Democratize data access through a self-service Data Platform - Part 1

In this 3-article series, we will describe how to properly create and structure a self-service Data Platform for data democratization analytics on AWS. We will start with data ingestion and storage and then move through processing tools to create valuable data for analytics, visualizations, and reporting. Moreover, we will focus on data governance, discoverability, and collaboration, with an eye on security and access control.

Follow this article to learn how to build your Data Platform and keep an eye on the website waiting for part 2!

TL;DR

The de facto standard for modern data platforms is the medallion architecture. Ingest all your data sources, streaming and batch, into the bronze layer. Data ingestion can be performed with tools such as DMS and Glue. Raw data needs to be cleaned, normalized, and structured to be stored in the silver area. Further transformations structure data for business use cases (AI, reporting, etc.…) in the golden layer.

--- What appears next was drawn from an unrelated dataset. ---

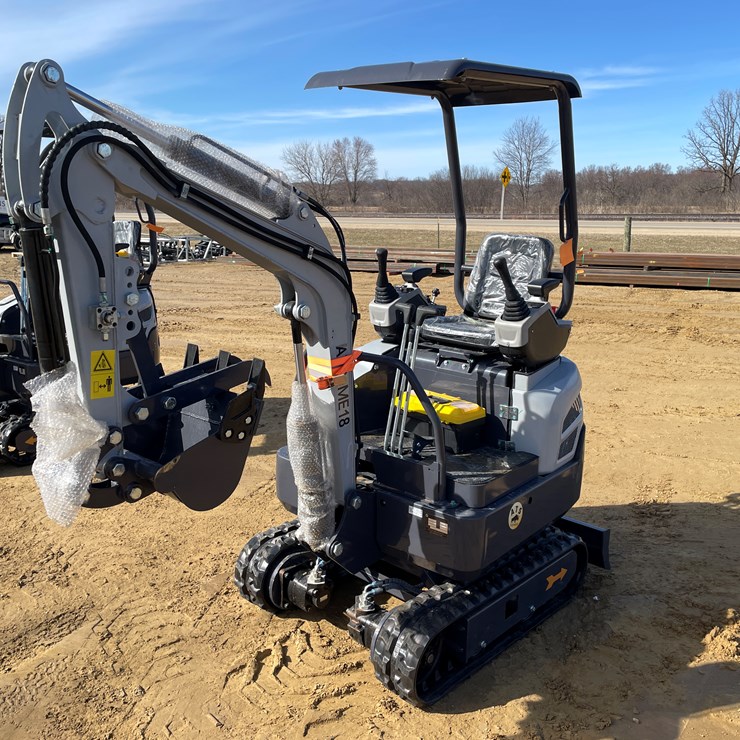 #1033 • New ATS ME18 Mini Excavator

Golden data is ready to be used by business users.

Why a Data Platform?

In the modern era, there is this phrase that keeps echoing “Data is the new gold”, but is it true?

Spoiler alert: YES!

Every click, purchase, and interaction leave behind valuable information that, when properly analyzed, can transform the way businesses operate. By harnessing the power of data, businesses can better understand their market, identify customer patterns, and increase their operational efficiency. Integrating data-driven decisions into businesses' decision-making processes sharpens the strategies, making informed choices, based on real-world data, improving productivity and performance.

Having the data is definitely important, but if you cannot use it, it’s barely pointless having it at all!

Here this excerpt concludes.